Courtesy Nathan Pitt, Department of Chemistry

Professor Angelos Michaelides has been awarded the Royal Society of Chemistry 2020 Surfaces and Interfaces award for his outstanding contributions towards the understanding of complex aqueous interfaces and the formation of ice at such interfaces.

Angelos has been working on a better molecular-level understanding of water at interfaces, and the formation of ice. He is interested in developing and applying computer simulation approaches to better understand materials and their surfaces, "with the most important substance of all – water – being a particular focus. A better understanding of these issues will be instrumental in the development of innovative solutions to some of the world’s water problems,” he says.

“I am honoured to have won the RSC’s Surfaces and Interfaces Award. It is easy to say and is somewhat of a cliché, but there can be no doubt that this award acknowledges the hard work and dedication of the many excellent students, postdocs and collaborators our research team has had over the last few years.”

Angelos will be joining the Department in October as the new 1968 Professor of Theoretical Chemistry. The award is based on his research at University College London, which involves the development and application of computer simulation approaches to catalytic and environmental interfaces, aiming at reaching fundamental new understanding of elementary processes at such interfaces.

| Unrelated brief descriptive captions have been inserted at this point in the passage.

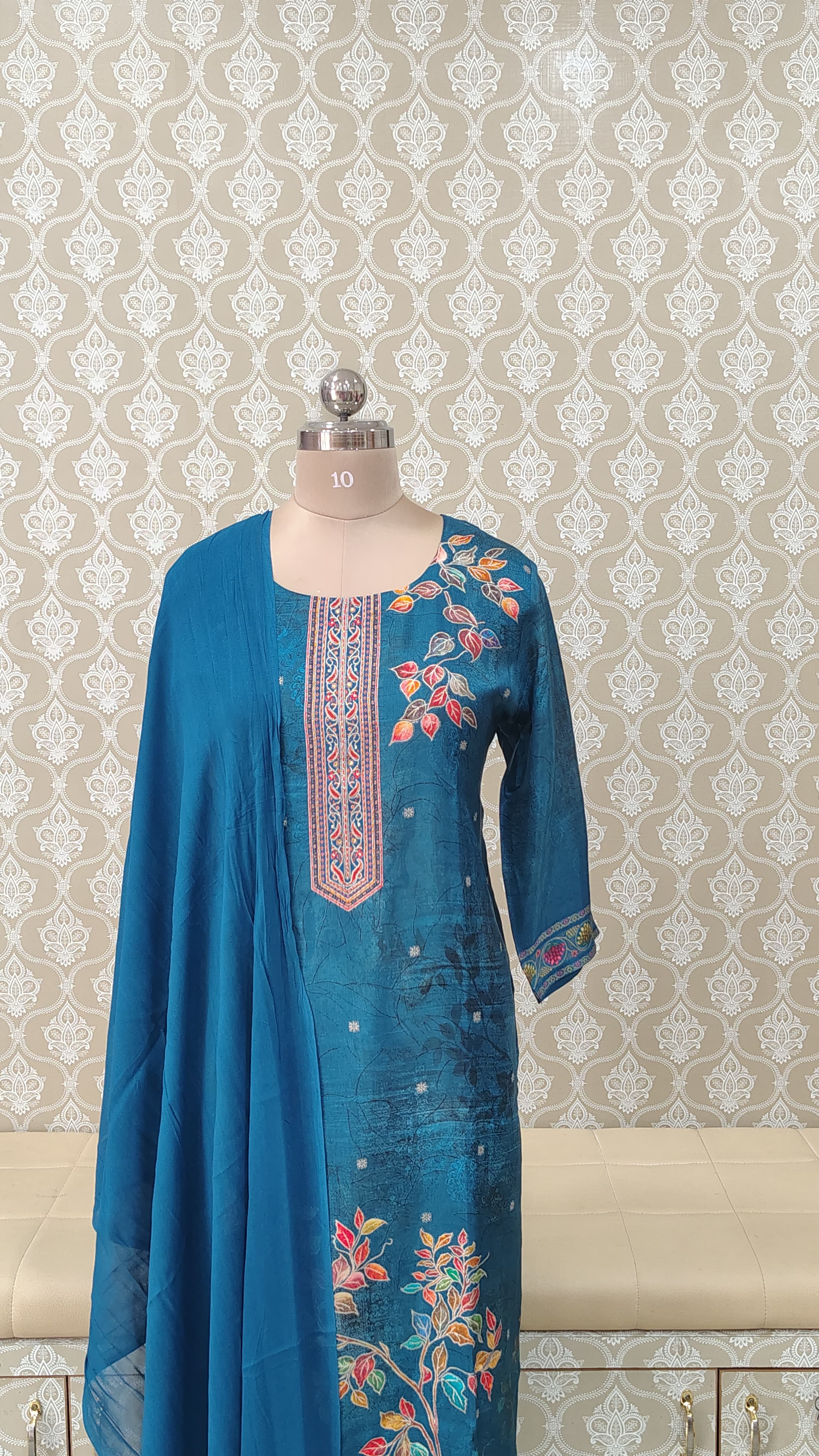 floral kurthi set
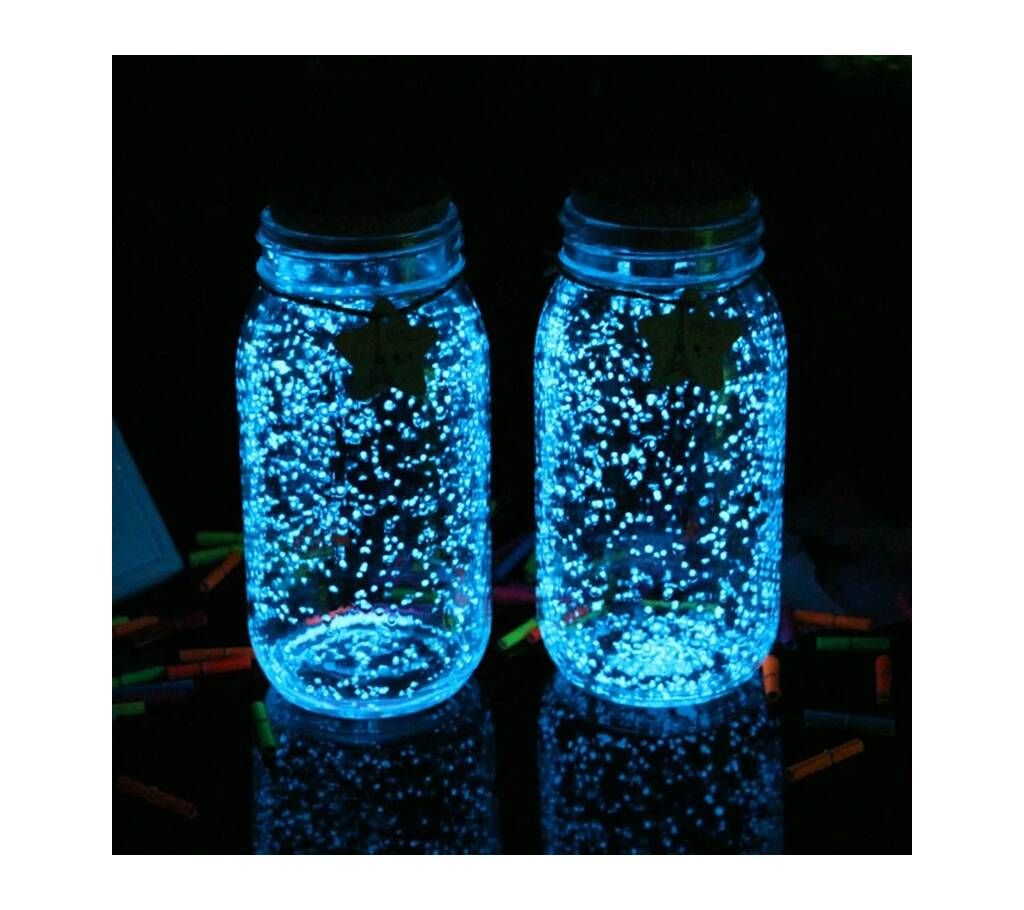 Fluorescent Sand and small jar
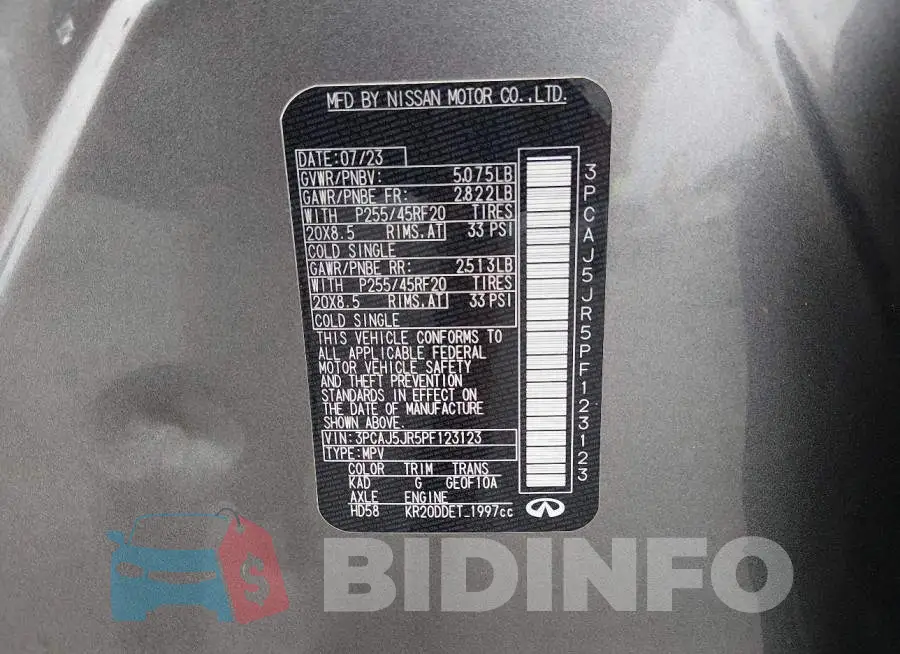 3PCAJ5JR5PF123123 Photo# 9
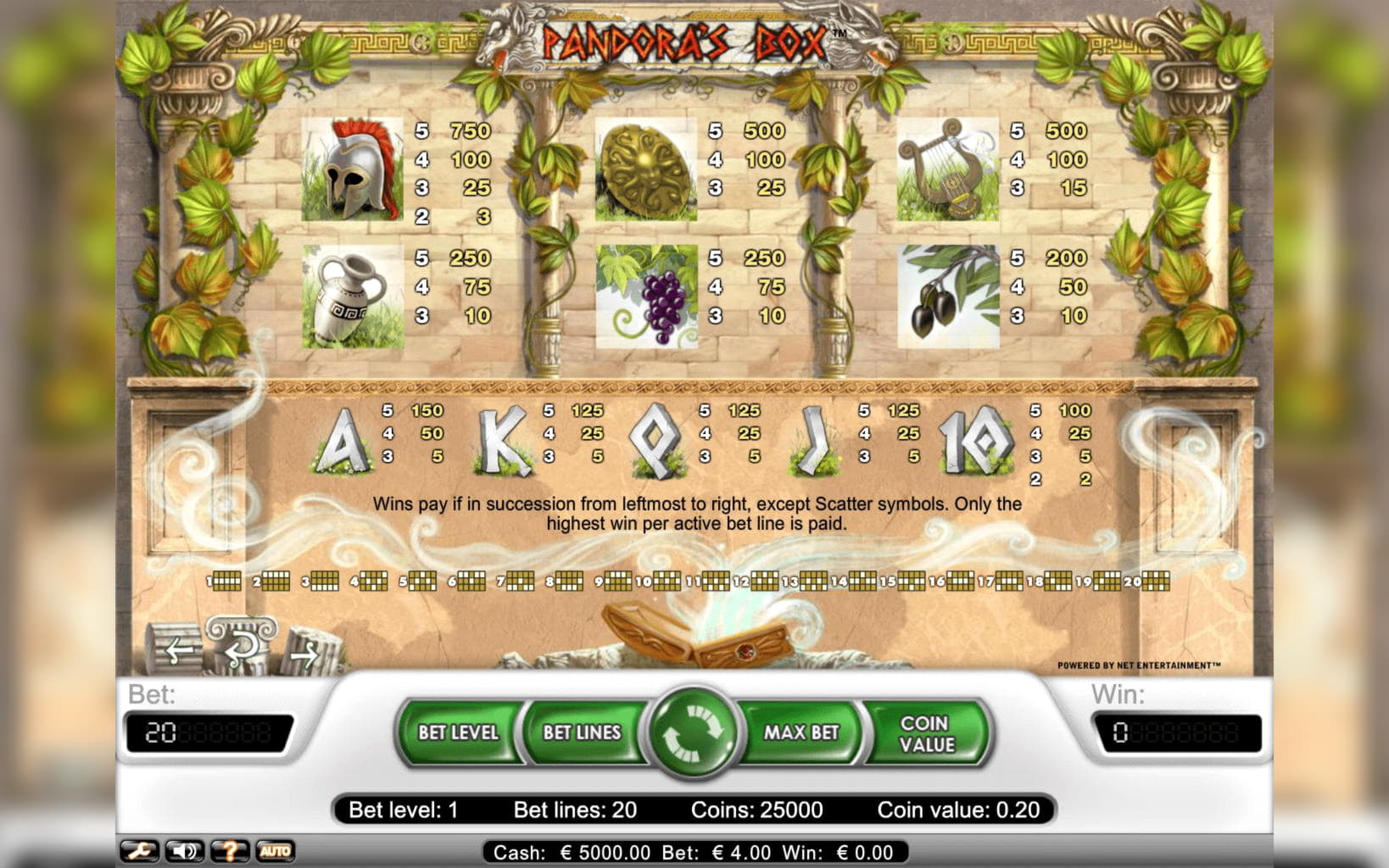 EURO 480 Torneio de cassino no Casino Luck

Water is a major focus of this work.

Angelos grew up in Donegal, Ireland, and obtained a PhD from The Queen’s University of Belfast. Following this, he held postdoctoral fellowships in Cambridge and Berlin.  In 2006 he moved to University College London, where he has been a Professor of Theoretical Chemistry since 2009.

Since 2011 Angelos has been Director or Co-Director of the Thomas Young Centre: The London Centre for the Theory and Simulation of Materials, and since 2017 the Director of the Materials and Molecular Modelling Hub. He is also a Deputy Editor of the Journal of Chemical Physics and currently holds the World Record for the “fastest marathon dressed as a scientist (male)”. [Editor's Note: You can find out more about Angelos and his marathon record here].
 
The annual award is given for outstanding and innovative research on the behaviour of chemical systems at surfaces or interfaces. Recipients are chosen by the Faraday Division Awards Committee of the RSC.